#### Task directions
Across the material below, how many lines contain the word "para"? Respond with the number only.
[Study material Boundary: Start]
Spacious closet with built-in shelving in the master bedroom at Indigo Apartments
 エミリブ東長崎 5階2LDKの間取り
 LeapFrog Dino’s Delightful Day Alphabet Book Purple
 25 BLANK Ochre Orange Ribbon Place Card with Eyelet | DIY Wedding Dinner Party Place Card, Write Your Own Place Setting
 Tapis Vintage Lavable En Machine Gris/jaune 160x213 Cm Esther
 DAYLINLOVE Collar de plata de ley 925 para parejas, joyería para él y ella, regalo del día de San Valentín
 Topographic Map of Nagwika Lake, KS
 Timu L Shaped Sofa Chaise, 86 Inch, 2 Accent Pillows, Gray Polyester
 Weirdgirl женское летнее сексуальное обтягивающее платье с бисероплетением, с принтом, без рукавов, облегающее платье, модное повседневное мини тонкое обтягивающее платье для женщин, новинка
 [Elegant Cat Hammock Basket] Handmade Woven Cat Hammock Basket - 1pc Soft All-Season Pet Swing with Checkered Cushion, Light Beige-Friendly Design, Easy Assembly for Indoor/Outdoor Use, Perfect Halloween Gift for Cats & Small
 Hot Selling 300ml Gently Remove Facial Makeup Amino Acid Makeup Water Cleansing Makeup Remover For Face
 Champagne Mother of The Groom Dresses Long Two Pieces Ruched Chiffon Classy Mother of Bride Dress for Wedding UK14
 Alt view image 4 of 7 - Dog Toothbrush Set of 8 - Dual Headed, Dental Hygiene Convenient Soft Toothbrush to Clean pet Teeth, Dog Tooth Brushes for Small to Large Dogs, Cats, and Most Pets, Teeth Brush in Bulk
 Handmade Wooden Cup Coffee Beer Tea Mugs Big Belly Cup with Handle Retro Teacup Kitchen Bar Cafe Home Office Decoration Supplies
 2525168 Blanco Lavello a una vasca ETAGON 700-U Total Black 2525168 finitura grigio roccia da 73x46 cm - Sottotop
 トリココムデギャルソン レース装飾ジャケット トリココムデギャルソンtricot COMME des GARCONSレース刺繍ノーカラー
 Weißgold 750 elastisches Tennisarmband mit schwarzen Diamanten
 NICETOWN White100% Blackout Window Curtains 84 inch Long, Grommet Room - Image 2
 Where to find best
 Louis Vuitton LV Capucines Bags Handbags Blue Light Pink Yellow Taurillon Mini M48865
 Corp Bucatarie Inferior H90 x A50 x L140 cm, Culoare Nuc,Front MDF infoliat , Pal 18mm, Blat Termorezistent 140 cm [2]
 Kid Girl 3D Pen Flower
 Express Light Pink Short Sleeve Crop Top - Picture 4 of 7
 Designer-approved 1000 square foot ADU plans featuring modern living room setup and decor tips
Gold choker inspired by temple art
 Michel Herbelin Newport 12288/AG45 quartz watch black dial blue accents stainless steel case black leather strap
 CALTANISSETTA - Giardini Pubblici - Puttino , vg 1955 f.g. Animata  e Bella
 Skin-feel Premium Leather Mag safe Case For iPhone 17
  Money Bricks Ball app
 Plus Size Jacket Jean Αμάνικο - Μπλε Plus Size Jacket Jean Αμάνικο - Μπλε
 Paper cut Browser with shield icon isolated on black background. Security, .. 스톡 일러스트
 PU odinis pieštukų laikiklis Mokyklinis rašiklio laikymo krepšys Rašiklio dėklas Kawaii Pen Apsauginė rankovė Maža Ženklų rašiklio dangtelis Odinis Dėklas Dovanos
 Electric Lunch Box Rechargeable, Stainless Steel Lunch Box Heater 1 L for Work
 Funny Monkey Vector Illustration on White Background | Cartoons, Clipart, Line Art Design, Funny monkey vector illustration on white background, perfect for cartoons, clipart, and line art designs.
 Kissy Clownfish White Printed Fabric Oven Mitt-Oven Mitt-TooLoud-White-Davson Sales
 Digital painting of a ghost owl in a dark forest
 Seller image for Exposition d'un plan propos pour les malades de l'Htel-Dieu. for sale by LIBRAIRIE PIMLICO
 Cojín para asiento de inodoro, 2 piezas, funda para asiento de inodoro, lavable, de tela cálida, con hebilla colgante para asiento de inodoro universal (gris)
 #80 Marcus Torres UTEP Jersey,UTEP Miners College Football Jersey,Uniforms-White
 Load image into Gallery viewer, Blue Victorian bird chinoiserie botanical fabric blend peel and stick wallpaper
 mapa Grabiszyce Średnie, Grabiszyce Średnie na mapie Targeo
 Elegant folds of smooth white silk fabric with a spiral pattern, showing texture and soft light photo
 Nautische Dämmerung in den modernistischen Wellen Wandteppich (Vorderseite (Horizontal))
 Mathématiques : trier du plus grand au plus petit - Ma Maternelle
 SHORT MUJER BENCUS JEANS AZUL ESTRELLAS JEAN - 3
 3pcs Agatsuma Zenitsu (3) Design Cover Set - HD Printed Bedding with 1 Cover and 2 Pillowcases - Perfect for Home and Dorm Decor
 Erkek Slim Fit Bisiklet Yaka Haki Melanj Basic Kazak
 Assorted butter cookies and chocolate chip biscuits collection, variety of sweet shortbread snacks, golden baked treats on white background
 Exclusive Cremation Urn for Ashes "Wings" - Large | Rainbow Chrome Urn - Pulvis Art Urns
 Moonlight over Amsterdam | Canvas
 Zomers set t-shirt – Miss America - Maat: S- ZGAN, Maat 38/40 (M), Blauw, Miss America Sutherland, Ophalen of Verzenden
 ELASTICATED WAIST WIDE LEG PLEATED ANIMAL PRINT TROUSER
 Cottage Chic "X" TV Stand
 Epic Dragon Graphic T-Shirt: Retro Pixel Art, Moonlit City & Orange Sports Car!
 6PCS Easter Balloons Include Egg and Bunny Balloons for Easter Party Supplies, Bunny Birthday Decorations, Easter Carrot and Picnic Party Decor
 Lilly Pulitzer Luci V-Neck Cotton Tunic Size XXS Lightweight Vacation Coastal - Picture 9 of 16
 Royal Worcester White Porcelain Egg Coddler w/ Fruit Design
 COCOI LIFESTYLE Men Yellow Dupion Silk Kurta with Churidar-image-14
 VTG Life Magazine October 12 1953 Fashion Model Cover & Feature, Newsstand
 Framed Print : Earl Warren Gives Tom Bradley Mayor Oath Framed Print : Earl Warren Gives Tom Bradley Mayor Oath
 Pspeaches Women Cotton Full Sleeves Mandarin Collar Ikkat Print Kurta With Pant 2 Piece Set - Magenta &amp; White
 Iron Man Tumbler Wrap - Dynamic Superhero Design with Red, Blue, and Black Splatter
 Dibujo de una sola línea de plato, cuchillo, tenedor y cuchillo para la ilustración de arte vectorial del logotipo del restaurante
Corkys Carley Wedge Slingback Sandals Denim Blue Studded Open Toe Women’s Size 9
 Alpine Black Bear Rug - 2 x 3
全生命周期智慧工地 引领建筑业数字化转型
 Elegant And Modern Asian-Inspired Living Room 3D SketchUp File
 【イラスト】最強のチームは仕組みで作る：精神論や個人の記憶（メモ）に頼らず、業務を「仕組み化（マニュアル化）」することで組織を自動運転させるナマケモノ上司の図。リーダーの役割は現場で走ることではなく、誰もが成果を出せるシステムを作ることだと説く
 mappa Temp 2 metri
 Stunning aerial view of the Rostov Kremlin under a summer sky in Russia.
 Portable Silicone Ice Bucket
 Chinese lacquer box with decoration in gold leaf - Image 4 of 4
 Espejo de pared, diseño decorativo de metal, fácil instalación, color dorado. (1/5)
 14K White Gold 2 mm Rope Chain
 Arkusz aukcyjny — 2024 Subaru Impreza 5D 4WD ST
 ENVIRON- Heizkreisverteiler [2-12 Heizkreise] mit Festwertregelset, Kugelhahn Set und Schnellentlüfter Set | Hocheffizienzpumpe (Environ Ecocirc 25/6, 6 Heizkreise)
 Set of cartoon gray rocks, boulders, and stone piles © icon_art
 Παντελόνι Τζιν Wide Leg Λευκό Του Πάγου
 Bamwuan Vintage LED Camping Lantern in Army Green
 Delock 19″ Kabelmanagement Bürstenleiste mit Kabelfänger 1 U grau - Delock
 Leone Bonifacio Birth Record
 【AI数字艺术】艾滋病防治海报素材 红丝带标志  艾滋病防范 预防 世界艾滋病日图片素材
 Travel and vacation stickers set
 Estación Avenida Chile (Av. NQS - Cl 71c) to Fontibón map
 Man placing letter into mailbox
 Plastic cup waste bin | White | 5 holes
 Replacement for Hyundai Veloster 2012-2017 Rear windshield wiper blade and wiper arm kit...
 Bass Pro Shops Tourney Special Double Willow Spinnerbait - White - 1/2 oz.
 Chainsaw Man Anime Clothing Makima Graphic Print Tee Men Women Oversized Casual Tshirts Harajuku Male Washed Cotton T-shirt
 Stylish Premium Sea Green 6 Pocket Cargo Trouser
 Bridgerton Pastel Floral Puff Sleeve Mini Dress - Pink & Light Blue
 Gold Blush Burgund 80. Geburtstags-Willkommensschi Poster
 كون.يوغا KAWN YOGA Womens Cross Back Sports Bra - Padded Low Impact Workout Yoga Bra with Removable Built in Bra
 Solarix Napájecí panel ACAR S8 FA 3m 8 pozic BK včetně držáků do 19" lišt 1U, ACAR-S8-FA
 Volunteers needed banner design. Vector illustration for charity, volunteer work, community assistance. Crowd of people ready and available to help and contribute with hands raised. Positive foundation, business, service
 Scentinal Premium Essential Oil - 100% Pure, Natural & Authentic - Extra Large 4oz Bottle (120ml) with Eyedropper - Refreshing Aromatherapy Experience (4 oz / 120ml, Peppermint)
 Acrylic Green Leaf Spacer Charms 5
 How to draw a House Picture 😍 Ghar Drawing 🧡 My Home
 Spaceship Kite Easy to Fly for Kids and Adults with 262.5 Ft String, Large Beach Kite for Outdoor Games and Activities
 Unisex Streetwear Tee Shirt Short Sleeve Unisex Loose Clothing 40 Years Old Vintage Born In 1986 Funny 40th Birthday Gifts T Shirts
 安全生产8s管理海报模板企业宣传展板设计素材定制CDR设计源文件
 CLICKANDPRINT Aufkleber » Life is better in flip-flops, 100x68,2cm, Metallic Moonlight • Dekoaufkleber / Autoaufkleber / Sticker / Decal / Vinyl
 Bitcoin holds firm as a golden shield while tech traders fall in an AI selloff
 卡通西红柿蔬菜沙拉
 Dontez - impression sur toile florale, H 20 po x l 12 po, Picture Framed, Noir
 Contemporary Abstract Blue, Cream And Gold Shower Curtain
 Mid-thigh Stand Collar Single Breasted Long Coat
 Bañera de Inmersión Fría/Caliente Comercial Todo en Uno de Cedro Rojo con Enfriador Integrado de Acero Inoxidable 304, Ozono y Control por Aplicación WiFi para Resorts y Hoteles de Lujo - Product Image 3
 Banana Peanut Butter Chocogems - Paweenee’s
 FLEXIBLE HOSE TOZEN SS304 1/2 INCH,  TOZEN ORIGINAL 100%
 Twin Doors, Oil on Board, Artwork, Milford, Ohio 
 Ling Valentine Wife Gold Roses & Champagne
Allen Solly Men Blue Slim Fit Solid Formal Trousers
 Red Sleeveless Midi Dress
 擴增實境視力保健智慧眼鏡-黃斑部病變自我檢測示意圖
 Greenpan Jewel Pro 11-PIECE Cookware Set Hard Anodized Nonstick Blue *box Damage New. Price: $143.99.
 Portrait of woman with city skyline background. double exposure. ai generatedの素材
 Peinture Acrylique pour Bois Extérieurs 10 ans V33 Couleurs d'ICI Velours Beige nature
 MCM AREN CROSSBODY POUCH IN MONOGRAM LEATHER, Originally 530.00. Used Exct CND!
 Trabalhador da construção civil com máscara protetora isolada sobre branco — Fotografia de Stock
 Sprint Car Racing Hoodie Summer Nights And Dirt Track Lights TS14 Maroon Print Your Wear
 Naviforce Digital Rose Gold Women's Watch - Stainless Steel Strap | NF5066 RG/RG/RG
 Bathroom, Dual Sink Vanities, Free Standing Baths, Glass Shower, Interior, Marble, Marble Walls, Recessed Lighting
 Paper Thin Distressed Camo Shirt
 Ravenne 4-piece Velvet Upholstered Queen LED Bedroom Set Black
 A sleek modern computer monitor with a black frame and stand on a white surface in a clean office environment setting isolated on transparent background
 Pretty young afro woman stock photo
[Study material Boundary: End]
#### Result below
4